Relationship status: Available for curbside pickup.
(Score: 2, Informative) by zoward on Monday September 16 2019, @10:55PM
I sideloaded FBReader on my Kindle Fire. Problem solved.
(Score: 1, Informative) by Anonymous Coward on Tuesday September 17 2019, @12:12AM
My attitude to e-media has evolved into:
"I appreciate that there are production costs, but your marginal costs are zero. You can set it up to be easy, cheap, convenient, and a better experience than piracy OR you can whine about me pirating it."
I still spend well above average on books and music but I will not buy anything with DRM.
(Score: 2) by Freeman on Tuesday September 17 2019, @02:33PM (2 children)
I'd recommend something like a Nook Simple Touch, if you can get your hands on one. I got mine used and it's worked great for a long time. Reading an e-ink screen is much easier on your eyes than your computer screen's LCD/LED screen. I love the ability to easily load a bunch of ebooks onto my Nook just by plugging it into my computer by USB. Much simpler and less invasive than the Kindle, just e-mail it system. I get why Kindle became king, I just don't like it. Also, there's the Kobo line of E-readers as well, but I've not had any personal experience with them. I'd much sooner get a new Kobo than a Kindle.

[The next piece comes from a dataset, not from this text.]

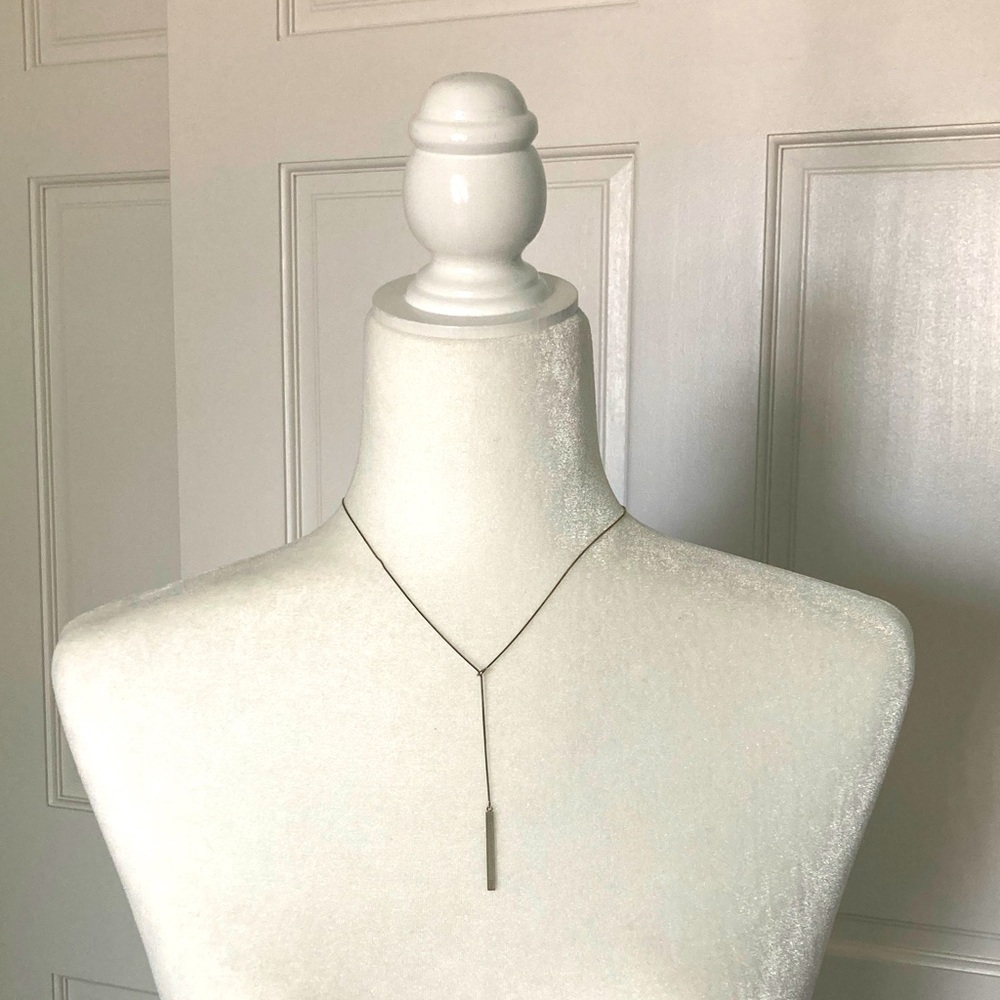 Blue Nile Bar Drop Authentic Platinum (950) Lariat necklace.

Joshua 1:9 "Be strong and of a good courage; be not afraid, neither be thou dismayed: for the Lord thy God is with thee"
(Score: 0) by Anonymous Coward on Tuesday September 17 2019, @03:44PM
I have a Kobo. I did my research before I bought an e-book and simply bought the best available regardless of price. Two years ago that was the Kobo Aura One. I haven't really checked them lately, they have a new model - the Forma - which looks interesting. Very slightly bigger screen, 8" vs 7.8", but it has the ability to read in landscape mode, which would be good for PDF's.
The Kobos are also waterproof and the only thing they can't read is Amazon's proprietary formats (but calibre can convert them).

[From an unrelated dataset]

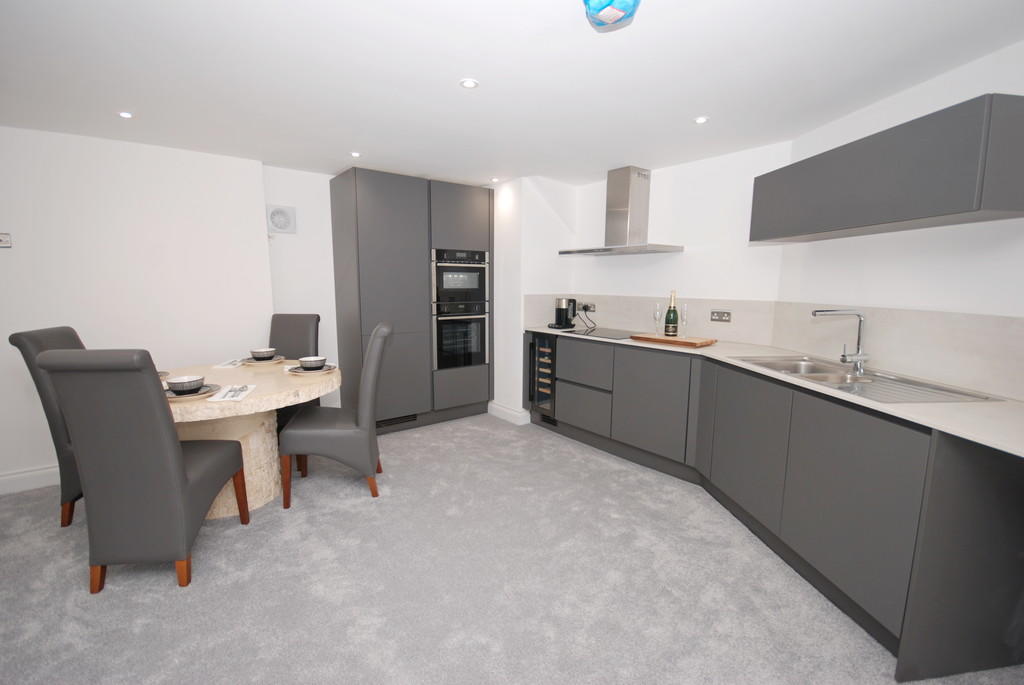 Dining and Kitche...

(Score: 1) by ncc74656 on Thursday September 19 2019, @07:23PM
I have a Kobo Glo HD...nice, clear hi-res screen, and I can load books into it through Calibre or I can point its web browser at the COPS instance that serves up my Calibre library.
(FWIW, I also picked up a used Kindle Touch dirt-cheap at one point when Amazon changed its DRM scheme, so that I'd continue to have access to purchases. Its serial number is plugged into a Calibre DRM-removal plugin; ebooks can be downloaded to your computer in the older format the Kindle Touch expects, which can still be cracked and converted for the Kobo or other readers. The Kindle doesn't get used nearly as much as a reader.)

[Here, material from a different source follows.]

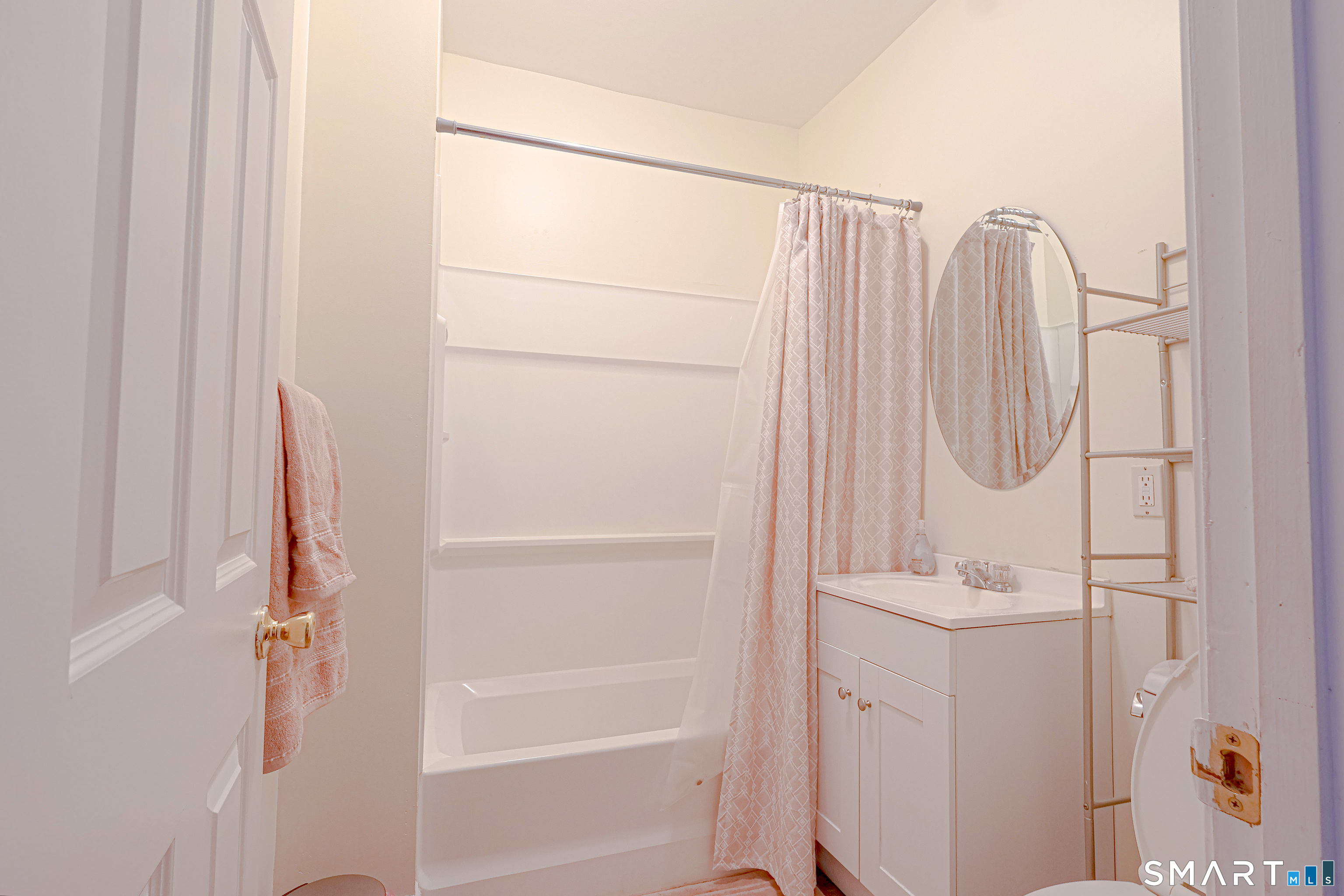 108 Belden Street New Britain, CT 06051 - Photo 16 of 19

(Score: 2) by DeathMonkey on Tuesday September 17 2019, @05:55PM
Apparently you need a network connection to manage the rights to the book. I've heard that if you put the kindle into airplane mode it won't disable access until you connect to a network.
(haven't tried it myself)
(Score: 2) by hwertz on Tuesday September 17 2019, @05:47AM
" She also points out that Sargent's claim that apps let people check out books in states and countries where they don't live "betrays a fundamental misunderstanding of how public libraries work." "
Well, the app my mom uses with the local library absolutely does allow her to do exactly this; if the local library doesn't have some e-book, but the one in Madison does, (and nobody there is waiting to use it..) they'll "lend" the book to the local library which checks it out to her.
That said -- I think the concept of having E-Books "wear out" and have to be repurchased is crap; but they are ALREADY doing this (if you RTFA, they are currently having to repurchase the same EBook every 2 years or 52 lends...) Having to wait 8 weeks to get some EBook (more than one copy) is kind of crap, but I think at least being able to have that first copy be a perpetual copy makes up for this. I"ve never felt the need to buy or check out from the library a book the second it comes out.